TASK INPUT:
----------------------------------------

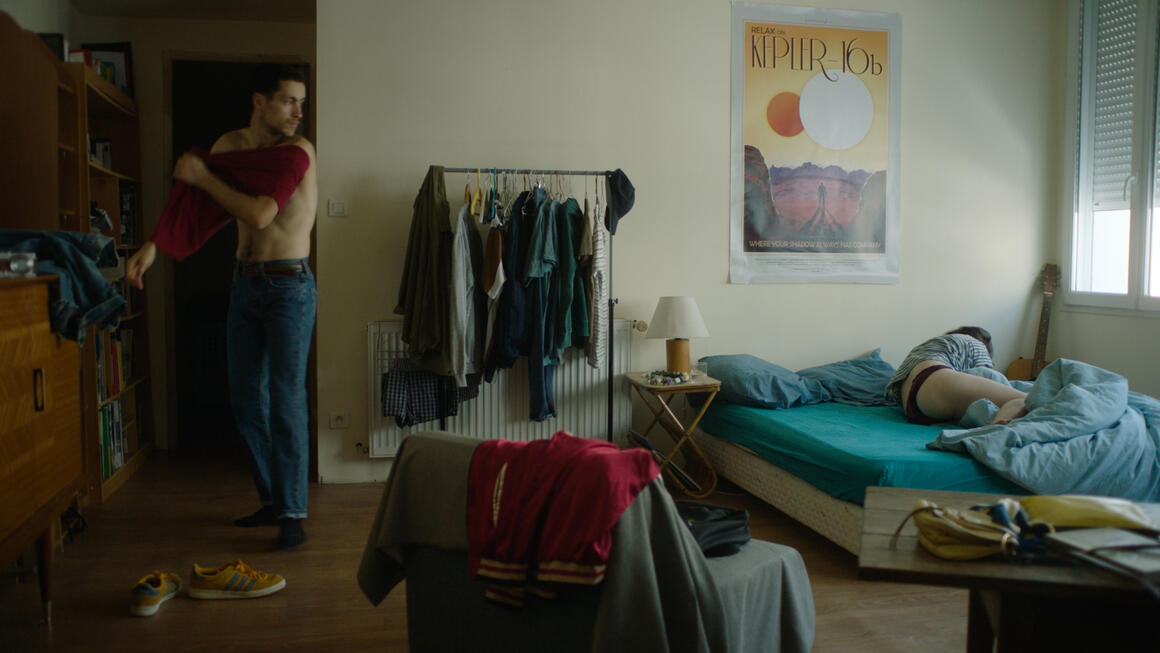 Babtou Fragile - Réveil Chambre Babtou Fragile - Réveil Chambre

----------------------------------------

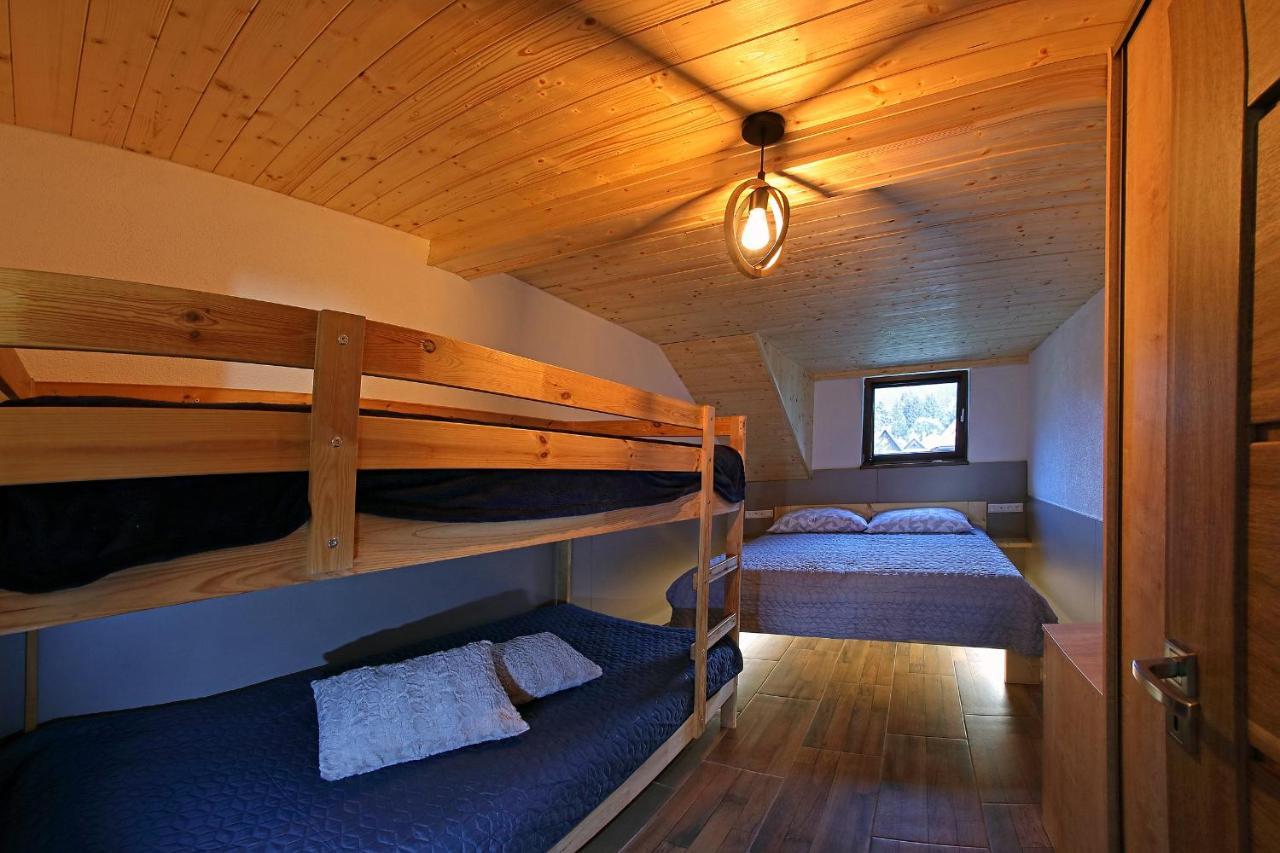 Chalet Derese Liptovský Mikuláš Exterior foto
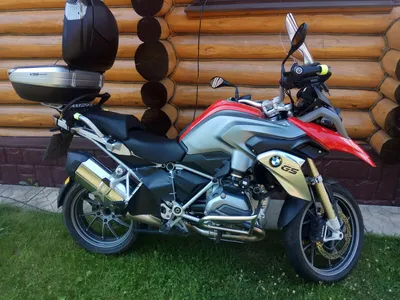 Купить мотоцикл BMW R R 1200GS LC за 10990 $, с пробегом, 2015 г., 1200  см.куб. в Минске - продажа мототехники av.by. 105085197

----------------------------------------

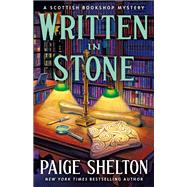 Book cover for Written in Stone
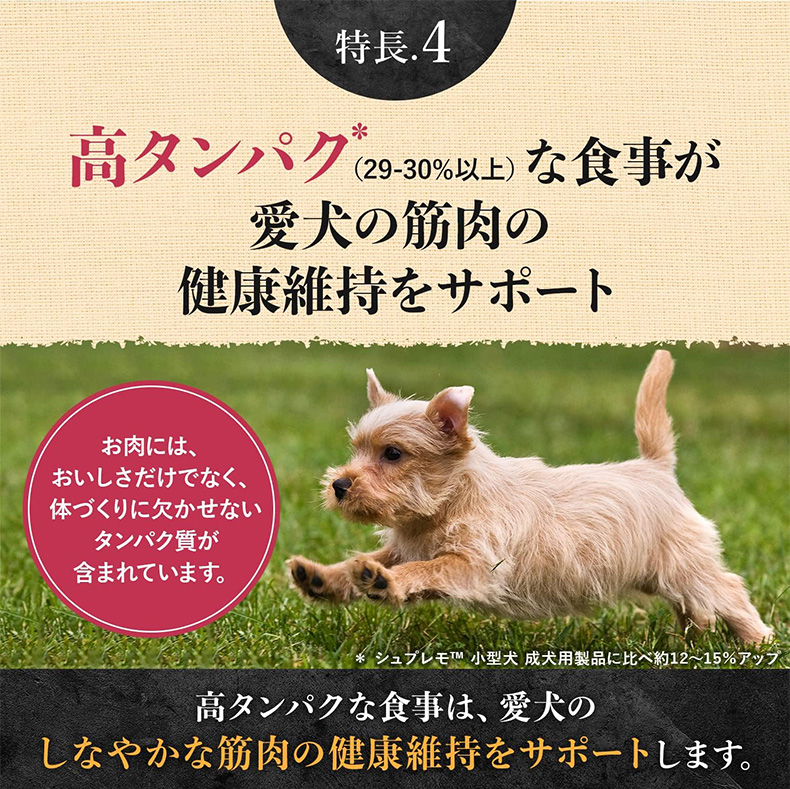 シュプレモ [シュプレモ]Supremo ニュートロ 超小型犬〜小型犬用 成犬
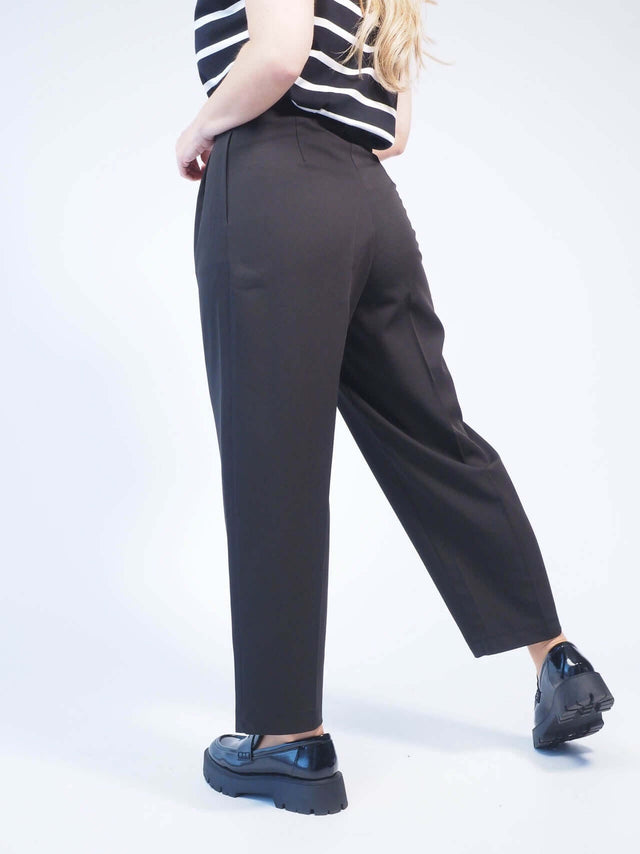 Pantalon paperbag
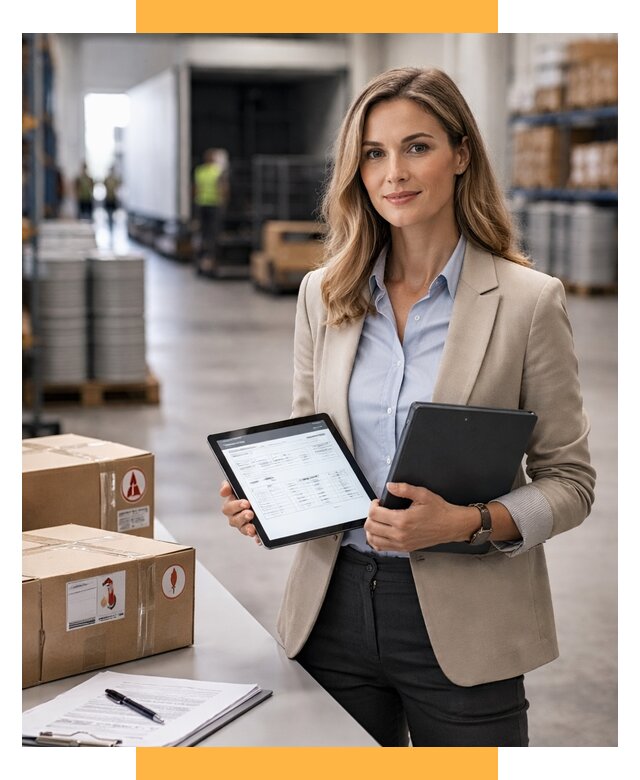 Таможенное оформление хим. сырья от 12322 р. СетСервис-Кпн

----------------------------------------

TASK TO COMPLETE:
Look above for the line containing "シュプレモ [シュプレモ]Supremo ニュートロ 超小型犬〜小型犬用 成犬" and the line containing "Таможенное оформление хим.", then reproduce both and everything between them exactly, pictures omitted.

RESULT:
 シュプレモ [シュプレモ]Supremo ニュートロ 超小型犬〜小型犬用 成犬
 Pantalon paperbag
 Таможенное оформление хим. сырья от 12322 р. СетСервис-Кпн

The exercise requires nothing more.